Is there free hit in Test cricket: The advent of free-hit in cricket has come as a bonus run-making opportunity for batsmen.
It was more than a decade ago when the free-hit was introduced in international cricket. Having initially come into limelight as a byproduct of T20 cricket, penalising the bowler for bowling a no-ball soon found a place in ODIs as well.
The concept was introduced in the 50-over format at the highest level in October 2007 when the ICC (International Cricket Board) had clarified that the bowler would be penalised for not only front-foot no-balls but all foot no-balls.
As the title suggests, a batsman is allowed to play any shot without the risk of getting out on a free-hit with modes of dismissals such as run-out, handling the ball, hitting the ball twice and obstructing the field falling under exceptions.
Is there free hit in Test cricket?
It was eight years later in 2015 that all types of no-balls used to result in free hits adding to the bowlers’ woes in limited-overs cricket.
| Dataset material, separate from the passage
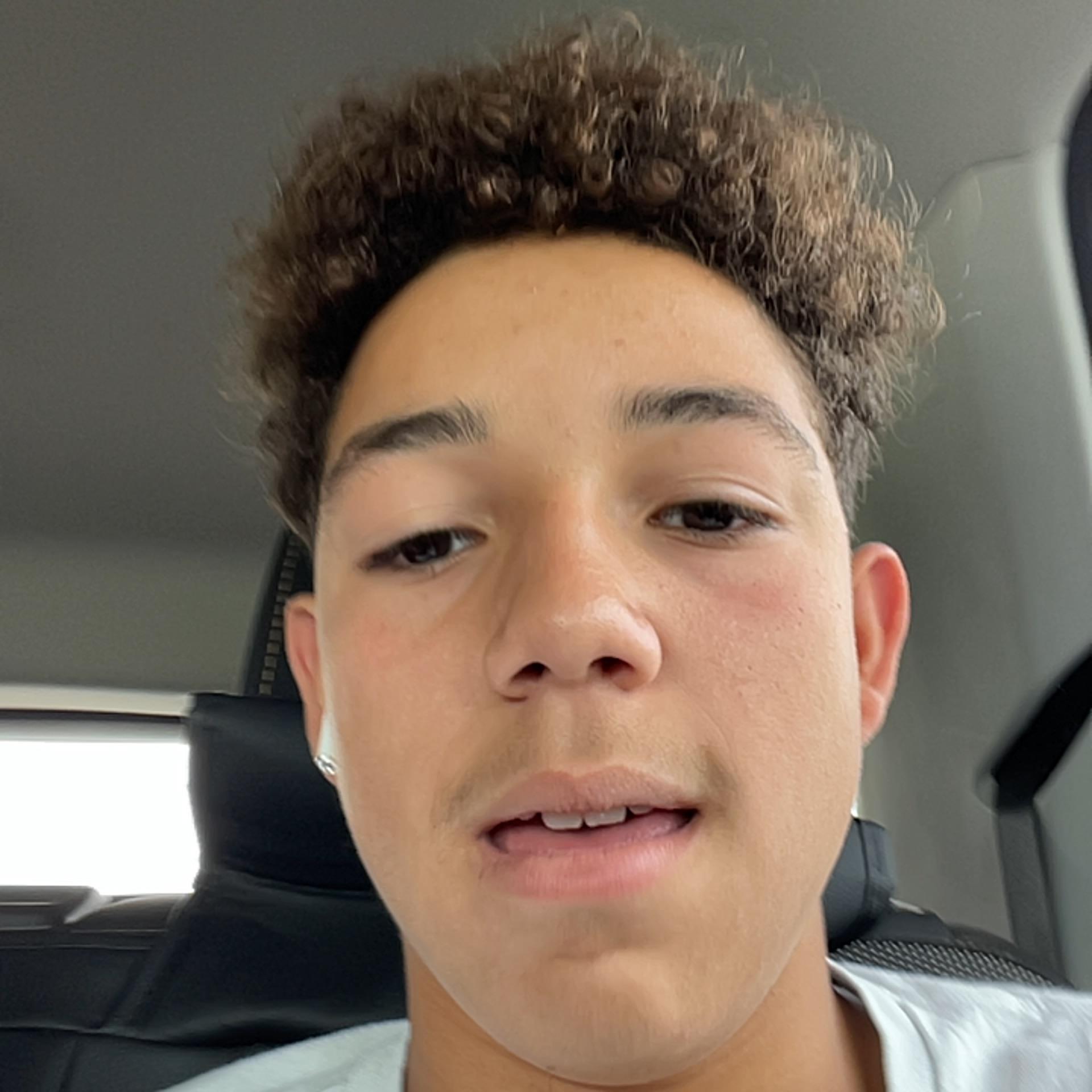 A boy taking a selfie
If the free-hit results in another no-ball or a wide ball, the batsman is bound to receive another free hit.
As far as cricket’s ancestral format in Test cricket is concerned, there is no allowance of a free-hit in red-ball cricket. Therefore, irrespective of what kind of no-ball a bowler bowls, a batsman won’t get a free-hit on the following delivery. Having said that, the bowler will have to re-bowl the delivery and a run would be added to the batting total.
For example, India pacer Navdeep Saini bowled a waist-high full toss to Australia’s Mitchell Starc in the first innings of the ongoing third Test match in Sydney. While the debutant bowler had to reload with respect to the delivery, Starc didn’t get any free hit on the following delivery.